Melalui siaran yang sama, Rohika menegaskan, keluarga harus membangun nilai-nilai positif yang ditanamkan pada anak, salah satunya dengan tidak membiarkan pernikahan anak. Ia juga menyampaikan, meski pihak KemenPPPA mencatat penurunan tren jumlah dispensasi perkawinan, tetapi angkanya masih tetap tinggi.

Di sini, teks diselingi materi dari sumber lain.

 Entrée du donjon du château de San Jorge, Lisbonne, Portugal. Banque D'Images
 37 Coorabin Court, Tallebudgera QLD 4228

Hal yang diungkapkan Ibu Rohika ini sesuai dengan fakta yang ada. Setelah menyaksikan Seminar Nasional KemenPPPA dan membaca beranda yang mereka sajikan, terpapar jelas data pengadilan agama atas dispensasi perkawinan anak tahun 2022 mencapai 55 ribu kasus. Pengajuan permohonan perkawinan pada usia anak sering disebabkan oleh faktor pemohon mengalami Kehamilan Tidak Diinginkan (KTD) dan faktor dorongan keluarga.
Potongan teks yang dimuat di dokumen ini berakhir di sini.